Garret Christensen–BITSS Project Scientist
BITSS participated in a pair of conferences/workshops recently that we should probably tell you about. First, BITSS was part of a research transparency conference in Washington DC put together by the Laura and John Arnold Foundation. Many of the presentations from the conference can be found here. The idea was to bring together academics, researchers on federal contracts, and federal government research sponsors and policy makers. Just a few things that were new to me or which stuck out were:
- BITSS partner Innovations for Poverty Action is now offering a code check for its affiliates. That is, PIs working on IPA projects can get an RA to run your code and see if it actually reproduces the numbers and tables you’re putting in your paper. E-mail Stephanie Wykstra at email@example.com. (This is in addition to IPA’s data repository, and their data publication guidelines.) This isn’t open to anyone, but it’s a step in the right direction; it would be great to see journals or some other organization adopting this on a larger scale.
- Brett Hemenway of the University of Pennsylvania spoke on secure multiparty computation (MPC). Basically, this is using public, proven, sometimes open-source encryption algorithms to share the results of analysis without sharing the underlying data.

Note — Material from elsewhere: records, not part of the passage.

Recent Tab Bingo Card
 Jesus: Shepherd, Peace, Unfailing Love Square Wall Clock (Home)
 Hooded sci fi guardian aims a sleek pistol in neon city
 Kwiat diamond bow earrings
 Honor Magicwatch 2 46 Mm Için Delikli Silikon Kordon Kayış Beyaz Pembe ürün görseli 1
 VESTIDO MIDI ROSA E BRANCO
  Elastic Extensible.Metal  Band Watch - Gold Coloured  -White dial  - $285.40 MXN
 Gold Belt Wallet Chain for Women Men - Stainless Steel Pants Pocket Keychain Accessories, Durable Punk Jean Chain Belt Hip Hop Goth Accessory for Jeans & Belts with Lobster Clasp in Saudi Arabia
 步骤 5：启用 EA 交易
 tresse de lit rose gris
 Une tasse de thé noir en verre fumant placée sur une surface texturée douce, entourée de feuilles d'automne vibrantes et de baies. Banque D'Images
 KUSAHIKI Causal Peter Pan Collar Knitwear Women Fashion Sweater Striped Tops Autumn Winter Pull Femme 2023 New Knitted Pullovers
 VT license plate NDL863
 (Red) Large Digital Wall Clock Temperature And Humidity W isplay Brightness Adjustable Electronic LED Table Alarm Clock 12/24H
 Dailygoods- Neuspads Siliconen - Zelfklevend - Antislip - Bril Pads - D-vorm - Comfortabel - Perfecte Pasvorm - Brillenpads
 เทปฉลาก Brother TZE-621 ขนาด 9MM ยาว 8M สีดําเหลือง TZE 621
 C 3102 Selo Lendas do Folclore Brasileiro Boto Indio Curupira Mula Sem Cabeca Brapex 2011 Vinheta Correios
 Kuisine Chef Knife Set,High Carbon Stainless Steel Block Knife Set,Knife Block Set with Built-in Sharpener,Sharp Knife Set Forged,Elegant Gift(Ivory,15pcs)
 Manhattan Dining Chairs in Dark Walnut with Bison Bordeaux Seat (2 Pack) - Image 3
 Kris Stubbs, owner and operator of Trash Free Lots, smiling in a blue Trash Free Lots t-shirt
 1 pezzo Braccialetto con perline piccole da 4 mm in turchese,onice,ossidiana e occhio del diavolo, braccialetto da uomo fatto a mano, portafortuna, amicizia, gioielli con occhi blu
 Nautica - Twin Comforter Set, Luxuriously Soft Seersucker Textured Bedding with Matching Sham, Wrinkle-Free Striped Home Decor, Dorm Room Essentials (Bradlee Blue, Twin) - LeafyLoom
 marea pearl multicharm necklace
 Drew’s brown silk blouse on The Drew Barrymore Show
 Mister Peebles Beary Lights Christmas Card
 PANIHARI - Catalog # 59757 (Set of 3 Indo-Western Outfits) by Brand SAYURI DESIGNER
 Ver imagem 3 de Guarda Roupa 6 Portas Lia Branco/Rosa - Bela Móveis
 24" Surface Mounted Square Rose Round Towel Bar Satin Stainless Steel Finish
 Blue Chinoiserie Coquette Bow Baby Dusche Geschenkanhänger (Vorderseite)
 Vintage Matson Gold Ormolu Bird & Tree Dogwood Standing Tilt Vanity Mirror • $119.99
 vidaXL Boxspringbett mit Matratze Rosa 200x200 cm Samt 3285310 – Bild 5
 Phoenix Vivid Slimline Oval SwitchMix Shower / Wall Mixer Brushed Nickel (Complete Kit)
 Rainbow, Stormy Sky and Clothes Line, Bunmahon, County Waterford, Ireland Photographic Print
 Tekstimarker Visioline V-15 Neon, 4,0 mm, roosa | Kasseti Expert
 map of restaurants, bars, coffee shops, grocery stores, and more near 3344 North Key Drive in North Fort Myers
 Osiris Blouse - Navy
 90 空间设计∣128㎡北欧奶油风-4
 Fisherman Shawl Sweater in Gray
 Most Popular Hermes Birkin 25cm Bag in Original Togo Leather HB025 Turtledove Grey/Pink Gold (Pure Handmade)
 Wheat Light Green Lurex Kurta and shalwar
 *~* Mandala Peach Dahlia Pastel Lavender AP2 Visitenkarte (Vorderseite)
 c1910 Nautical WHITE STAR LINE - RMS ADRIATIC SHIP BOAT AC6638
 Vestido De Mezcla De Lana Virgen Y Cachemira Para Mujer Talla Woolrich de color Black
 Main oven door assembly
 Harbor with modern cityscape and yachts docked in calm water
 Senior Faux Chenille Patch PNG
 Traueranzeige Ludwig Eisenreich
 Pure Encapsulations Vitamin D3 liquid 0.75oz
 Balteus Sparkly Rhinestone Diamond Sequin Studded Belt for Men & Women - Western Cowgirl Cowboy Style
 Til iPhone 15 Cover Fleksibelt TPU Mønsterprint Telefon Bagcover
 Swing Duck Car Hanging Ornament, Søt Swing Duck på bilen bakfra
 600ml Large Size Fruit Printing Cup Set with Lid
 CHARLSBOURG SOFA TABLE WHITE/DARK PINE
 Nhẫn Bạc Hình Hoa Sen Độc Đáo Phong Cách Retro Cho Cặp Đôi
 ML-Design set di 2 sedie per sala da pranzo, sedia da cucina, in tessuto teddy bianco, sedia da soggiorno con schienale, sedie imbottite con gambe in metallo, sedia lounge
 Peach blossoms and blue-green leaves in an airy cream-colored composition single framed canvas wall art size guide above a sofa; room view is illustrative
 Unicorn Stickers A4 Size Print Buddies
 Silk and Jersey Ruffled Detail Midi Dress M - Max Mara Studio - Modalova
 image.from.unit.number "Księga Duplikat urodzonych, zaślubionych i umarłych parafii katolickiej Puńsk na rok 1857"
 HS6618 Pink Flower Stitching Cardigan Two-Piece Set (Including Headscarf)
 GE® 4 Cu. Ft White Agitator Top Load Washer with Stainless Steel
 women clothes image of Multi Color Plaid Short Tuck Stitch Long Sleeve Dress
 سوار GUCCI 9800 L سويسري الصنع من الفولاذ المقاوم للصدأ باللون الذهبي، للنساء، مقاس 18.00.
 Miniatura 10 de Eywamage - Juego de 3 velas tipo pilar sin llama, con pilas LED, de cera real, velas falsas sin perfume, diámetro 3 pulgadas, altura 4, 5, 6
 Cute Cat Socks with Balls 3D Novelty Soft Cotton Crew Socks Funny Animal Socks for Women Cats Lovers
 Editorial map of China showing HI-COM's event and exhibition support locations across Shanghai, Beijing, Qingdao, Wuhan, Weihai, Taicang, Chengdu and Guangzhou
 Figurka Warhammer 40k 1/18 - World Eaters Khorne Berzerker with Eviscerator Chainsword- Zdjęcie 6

So I could have some data that I want to merge with sensitive or restricted-access data, and I could merge and run the regression, and only see the results, without being able to see the sensitive personal identifying information.
- George Alter of ICPSR gave a nice presentation on the ways to protect confidential data, and he discussed a simple catalog of the options. Safe data, safe places, safe people, and safe outputs. That is, modifying the data to reduce the identification risk, physical isolation or secure technologies, data use agreements and training, and review of results before release to researchers.
I also gave a presentation at UC Riverside’s Graduate Quantitative Methods Program on software tools for reproducibility. Specifically, version control with GitHub, reproducible workflow with R Markdown and Knitr, data sharing with Harvard’s Dataverse, and linking all these parts together plus pre-registering your analysis with the Open Science Framework. The video may be posted under the Resources tab on their page in the future, but you can find my slides here.